Ils peuvent également se retrouver distraits par d’autres échanges un peu plus éloignés de leur groupe. Les élèves peuvent voir leur attention détournée :
Par une conversation d’autres élèves à proximité (bavardages ou échanges dans un autre groupe de travail).
Par les explications que l’enseignant donnerait non loin d’eux à un autre élève.
L’enseignant se retrouve alors à gérer un mode de fonctionnement radicalement différent en gestion de classe. Il s’agit d’un autre cadre avec des comportements attendus spécifiques qu’il devra avoir défini et enseigné préalablement à ses élèves.

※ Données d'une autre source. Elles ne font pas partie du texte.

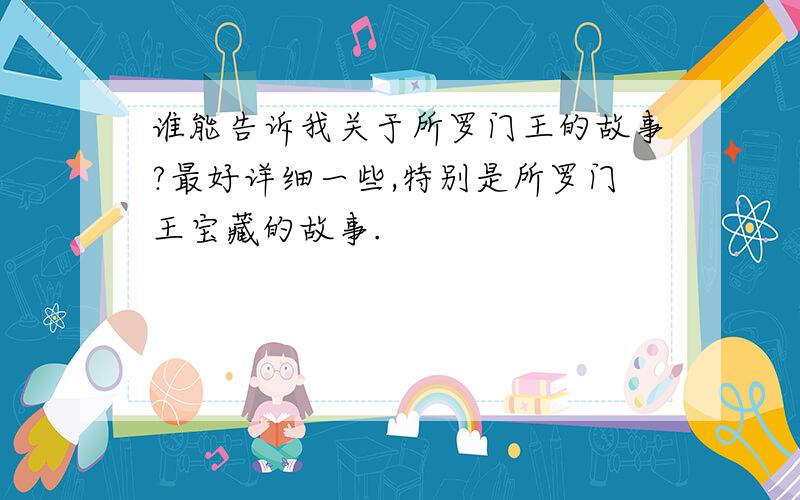 谁能告诉我关于所罗门王的故事?最好详细一些,特别是所罗门王宝藏的故事.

Plus encore qu’un modelage associé à une pratique guidée, avoir de multiples petits groupes simultanés d’élèves qui travaillent en classe constitue dès lors un système d’activité complexe à gérer. Des séances de cours réussies en apprentissage coopératif sont associées à un niveau élevé de contrôle de l’interaction du groupe par l’enseignant et à l’établissement préalable de routines.
À tout moment, les demandes d’attention des élèves mettent en balance le vecteur d’action principal de l’enseignant lui-même. L’enseignant peut passer du temps à répondre à une question d’un élève particulier tandis que des perturbations mineures apparaissent en classe.
L’enjeu de l’enseignant est de programmer sa réponse de manière appropriée pour préserver les vecteurs d’action principaux parallèles des différents élèves. Il répond rapidement sans perdre de vue le reste du groupe et reprend sa circulation.
Pour les élèves, ces séances de travail coopératif sont de même liées à un retour d’information et à une responsabilisation personnelle sur leur progression dans l’exécution des tâches.
En cas de difficultés répétées pour différents élèves qui risquent de mettre en danger les vecteurs d’actions principaux parallèles, l’enseignant peut décider de reprendre la main temporairement face à l’ensemble des élèves. Il bascule alors temporairement dans un vecteur d’action principal typique au modelage et à la pratique guidée.
Un vecteur d’action principal est également inscrit dans le temps. Il a un début et une fin. Les enseignants s’emploient à maintenir un vecteur d’action jusqu’à ce qu’ils arrivent au point où il estime nécessaire de le terminer.
Les transitions entre segments sont des points d’interaction sociale particuliers, car les contextes changent. La transition est amorcée par des indices. Une négociation interactionnelle se produit pour signaler le début d’un changement, la réorientation de l’attention et le début d’un nouveau segment.
Ce découpage crée souvent une indétermination des limites, qui rend difficile la localisation précise des points de départ et d’arrivée des transitions entre les activités. En général, la durée des transitions importantes dépend de l’ampleur des changements qui doivent être apportés, du degré de clarté et de maîtrise des enseignants et de leur établissement préalable de routines en classe.